На плитку пола брякнулся пистолет. Потом тело. И то и другое… Женино.
Он успел выхватить оружие из своей кобуры, но не успел выстрелить. Бабушка опередила его, прострелив сначала плечо, а потом кисть не совсем водителя.
– Забери его «макарыч», Кира! – велела она. – А вы двое, наденьте стяжки! – пальнула она возле туфель Аллы на огромных каблуках, что виднелись из-под пышных юбок.
Я подняла пистолет Жени, сжимая нагретую его рукой и кровью рукоять с таким же чувством, как если бы подобрала сбитого опоссума.
– Ты живой? – спросила я его.
Женя кряхтел от боли, но все-таки коротко кивнул.
– Миленько, – спокойно улыбнулась Алла, рассматривая оставленные Женей кровавые следы перевернутых смайликов, пока тот отползал к стене. – Кто вы такая?
– Птицына Мирослава Кирилловна. Так и зови меня. И твоя кровная бабуля, милая внученька.
– Наконец-то! Как красиво, боже, вот оно… это же оно! – молебенно соединила ладони Алла. – Вы не видите эту красоту?! – обернулась она на нас с Максимом, – вы помните уравнение? Боже, как прекрасно что-то не знать. Как упоительно чувствовать эту жажду и сделать первый глоток! Наконец-то я испытала это! Незнание и обретение!
– Ты про что? – спросила я, совершенно не догоняя, чего она там обрела.
– Мирослава! Твоя бабушка, Кирочка! Это она в уравнении! Она числительное, которое я не могла расшифровать. Мира с Ирой – число «два», вот только они уже мертвы. Но «Ми» – это же она, – прижала Алла ладони к губам, – твоя бабушка – Мирослава Кирилловна!
– По ходу, твоя тоже.
– Это ей суждено умереть, – провозгласила Алла, хлопая в ладоши, – она – ответ! Это она!
– Никто сегодня не умрет, принцесса. Стяжки, Кира! Сцепи ей руки! – снова велела мне бабушка. – И этому рукоблудному братцу сразу две, не забудь!
– Аккуратней с пушкой, – хихикнула Алла, видя, как я засовываю пистолет Жени между коленок, пока беру с пола несколько стяжек. – Слишком много азотного удобрения вокруг. Если пуля не застрянет в мясе, – улыбнулась она Жене, в котором застряло сразу две, – вы взлетите со своими птичьими фамилиями к небесам. Но если попадет в трубу, взрыв сотрет половину резиденции.

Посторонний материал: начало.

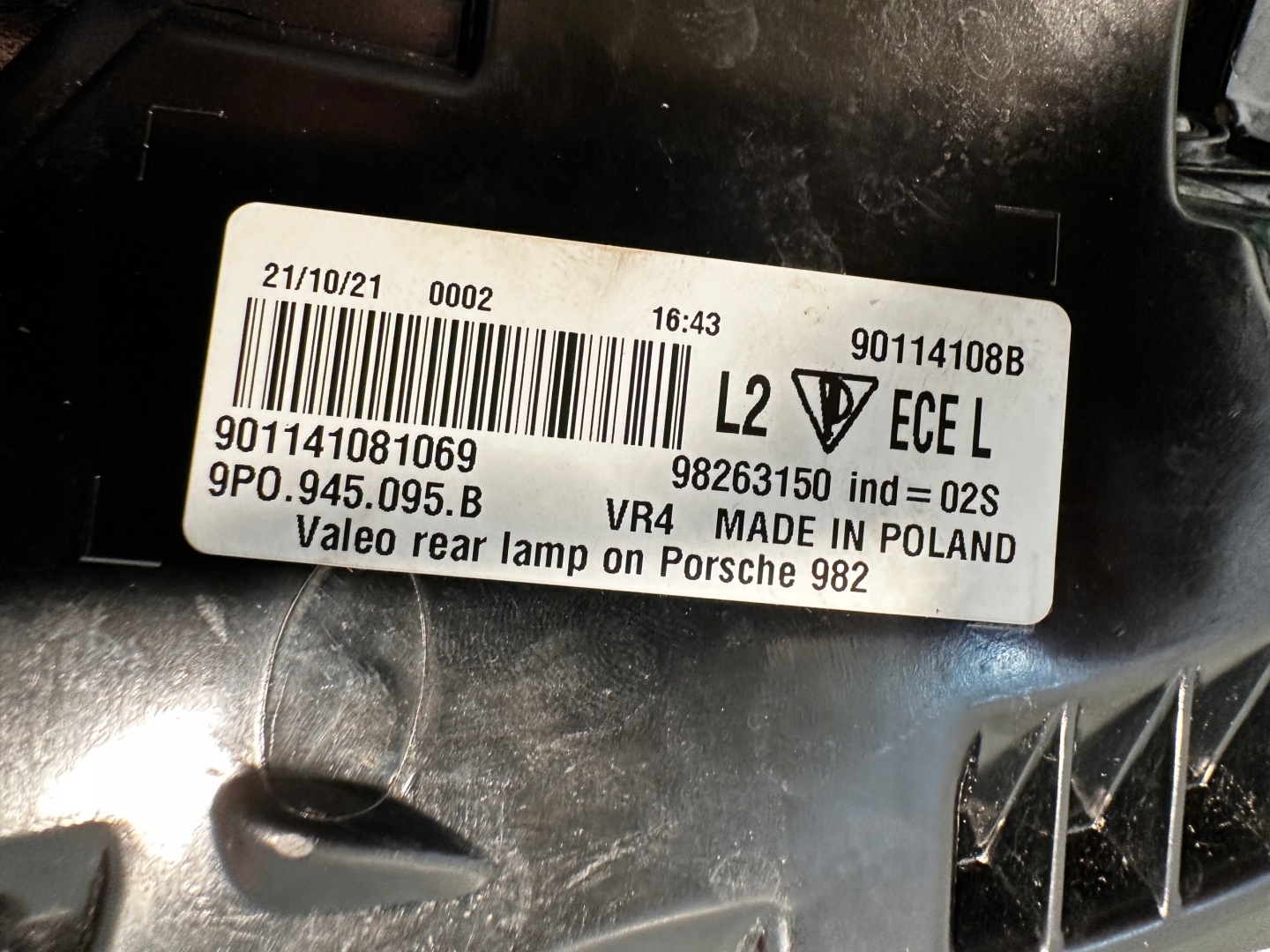 Porsche Boxster 982 Rückleuchte 9P0945095BL Rearlamp - Thumbnail 9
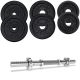 ScSPORTS Činkový set 20 kg, liatinové závažie, 30/31 mm os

Я закрепила стяжки на запястьях Аллы: она не сопротивлялась и даже радовалась, словно все это для нее игра, квест с нанятыми актерами (ей не привыкать). Максим тоже не стал спорить. Кряхтя от боли в плече, он протянул мне запястья. Когда я затягивала стяжки, он стоял не шевелясь, только медленно поднимал руки вверх, чтобы я последовала взглядом и посмотрела ему в глаза.
– Если бы не твоя бабуся…
– И твоя, – напомнила я.
– Я бы прихватил парочку для наших игр, Кирыч.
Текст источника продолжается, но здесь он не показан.